## What you are asked to do
Set down, please, exactly the lines below that run from the line with "骆恒光林泽行书个性签名怎么写" to the line with "Hakuba Highland Hotel Dış mekan fotoğraf", both lines included.

━━━

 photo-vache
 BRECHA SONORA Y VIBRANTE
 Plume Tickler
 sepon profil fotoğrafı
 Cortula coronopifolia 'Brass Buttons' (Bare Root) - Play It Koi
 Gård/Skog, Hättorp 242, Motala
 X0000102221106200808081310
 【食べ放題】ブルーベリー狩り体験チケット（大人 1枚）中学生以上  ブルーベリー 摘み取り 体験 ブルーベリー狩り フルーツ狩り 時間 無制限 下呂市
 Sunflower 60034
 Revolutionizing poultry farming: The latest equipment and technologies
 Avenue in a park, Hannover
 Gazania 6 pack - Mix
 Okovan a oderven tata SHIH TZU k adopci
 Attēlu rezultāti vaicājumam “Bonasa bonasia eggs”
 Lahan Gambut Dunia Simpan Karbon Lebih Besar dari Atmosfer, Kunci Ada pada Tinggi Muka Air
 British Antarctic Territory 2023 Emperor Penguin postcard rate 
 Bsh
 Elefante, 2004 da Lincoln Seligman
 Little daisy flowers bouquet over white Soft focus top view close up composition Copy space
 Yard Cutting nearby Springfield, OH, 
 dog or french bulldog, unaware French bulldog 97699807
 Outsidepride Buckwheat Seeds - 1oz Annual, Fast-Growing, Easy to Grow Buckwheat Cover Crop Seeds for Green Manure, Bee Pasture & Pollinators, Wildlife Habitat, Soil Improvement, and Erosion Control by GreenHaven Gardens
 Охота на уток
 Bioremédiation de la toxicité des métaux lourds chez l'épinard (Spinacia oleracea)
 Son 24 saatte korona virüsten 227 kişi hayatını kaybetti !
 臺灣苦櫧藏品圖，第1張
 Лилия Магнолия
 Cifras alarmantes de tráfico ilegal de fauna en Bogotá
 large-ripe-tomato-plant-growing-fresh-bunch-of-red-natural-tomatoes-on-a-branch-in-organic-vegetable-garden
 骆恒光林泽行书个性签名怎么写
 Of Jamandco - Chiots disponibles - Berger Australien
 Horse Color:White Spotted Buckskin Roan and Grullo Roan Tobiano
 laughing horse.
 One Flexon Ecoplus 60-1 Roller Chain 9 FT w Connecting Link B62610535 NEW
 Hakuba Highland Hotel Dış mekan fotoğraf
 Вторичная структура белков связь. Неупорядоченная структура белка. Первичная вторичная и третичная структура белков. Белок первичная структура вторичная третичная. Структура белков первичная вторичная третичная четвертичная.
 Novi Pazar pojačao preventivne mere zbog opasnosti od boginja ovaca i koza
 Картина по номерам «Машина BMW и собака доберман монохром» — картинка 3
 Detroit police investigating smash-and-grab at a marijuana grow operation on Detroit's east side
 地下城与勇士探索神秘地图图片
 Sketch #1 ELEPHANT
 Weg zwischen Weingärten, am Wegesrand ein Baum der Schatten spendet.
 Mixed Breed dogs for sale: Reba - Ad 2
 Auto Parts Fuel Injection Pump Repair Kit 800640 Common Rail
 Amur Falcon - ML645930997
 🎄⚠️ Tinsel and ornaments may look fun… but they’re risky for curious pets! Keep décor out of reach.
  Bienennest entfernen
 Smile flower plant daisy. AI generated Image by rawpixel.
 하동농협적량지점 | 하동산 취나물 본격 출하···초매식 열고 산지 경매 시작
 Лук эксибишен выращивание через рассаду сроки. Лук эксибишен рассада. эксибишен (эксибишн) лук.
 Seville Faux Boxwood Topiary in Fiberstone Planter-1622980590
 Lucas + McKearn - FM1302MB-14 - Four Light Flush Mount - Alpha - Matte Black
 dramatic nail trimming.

━━━

## Task solution
 骆恒光林泽行书个性签名怎么写
 Of Jamandco - Chiots disponibles - Berger Australien
 Horse Color:White Spotted Buckskin Roan and Grullo Roan Tobiano
 laughing horse.
 One Flexon Ecoplus 60-1 Roller Chain 9 FT w Connecting Link B62610535 NEW
 Hakuba Highland Hotel Dış mekan fotoğraf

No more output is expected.